[What is being asked] From the entries below, write out exactly the lines between the line holding "Two You Label jassen Teddy Brown AW24-14" and the line holding "Placeholder project card media", inclusive, excluding any pictures.

[Data shown]
◇ ◇ ◇ ◇ ◇ ◇ ◇

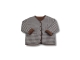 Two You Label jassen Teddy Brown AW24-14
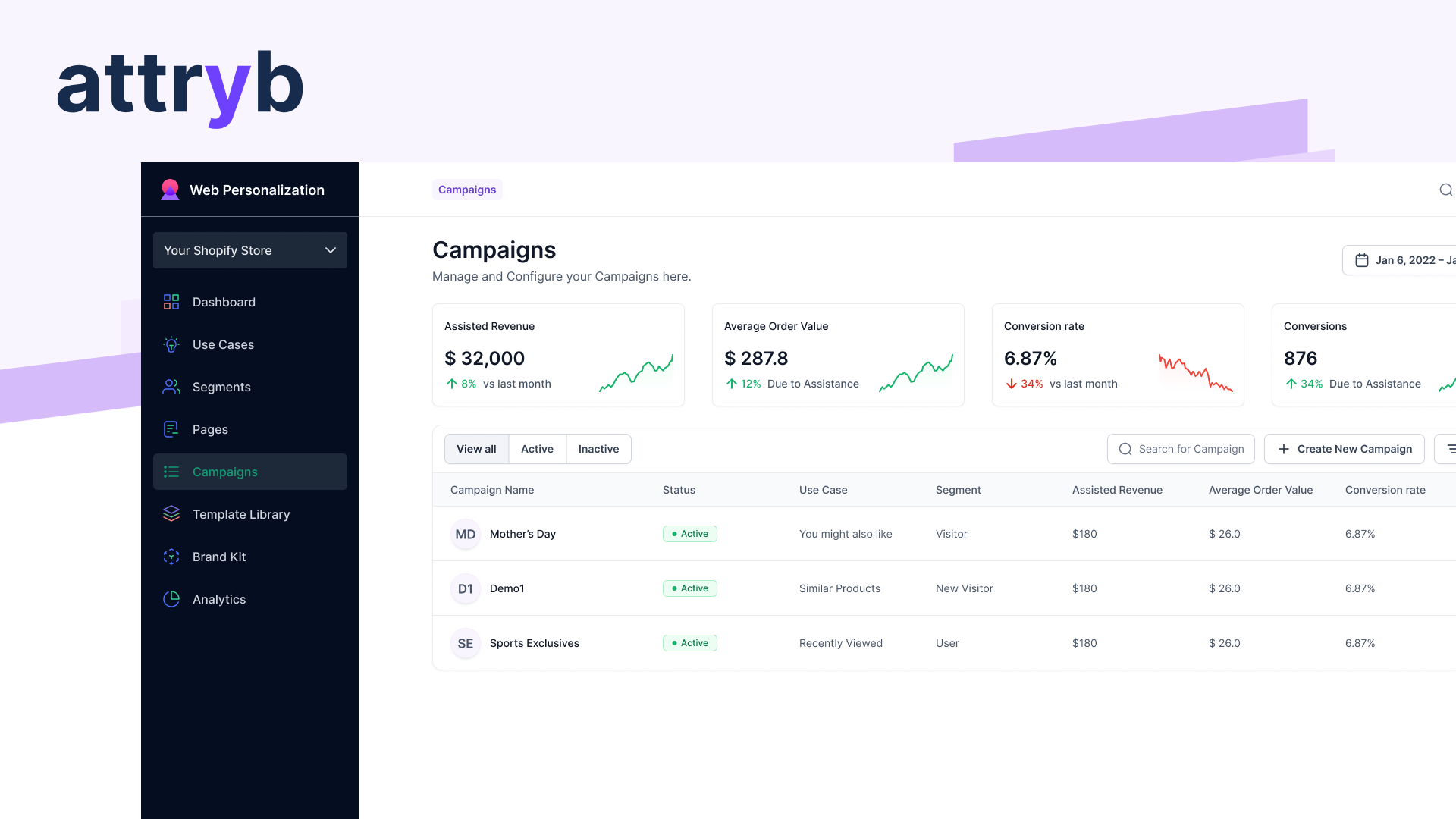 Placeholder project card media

◇ ◇ ◇ ◇ ◇ ◇ ◇

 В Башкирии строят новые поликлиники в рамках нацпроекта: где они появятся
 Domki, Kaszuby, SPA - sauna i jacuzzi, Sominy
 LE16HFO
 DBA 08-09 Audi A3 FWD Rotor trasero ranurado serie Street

◇ ◇ ◇ ◇ ◇ ◇ ◇

[Task solution]
 Two You Label jassen Teddy Brown AW24-14
 Placeholder project card media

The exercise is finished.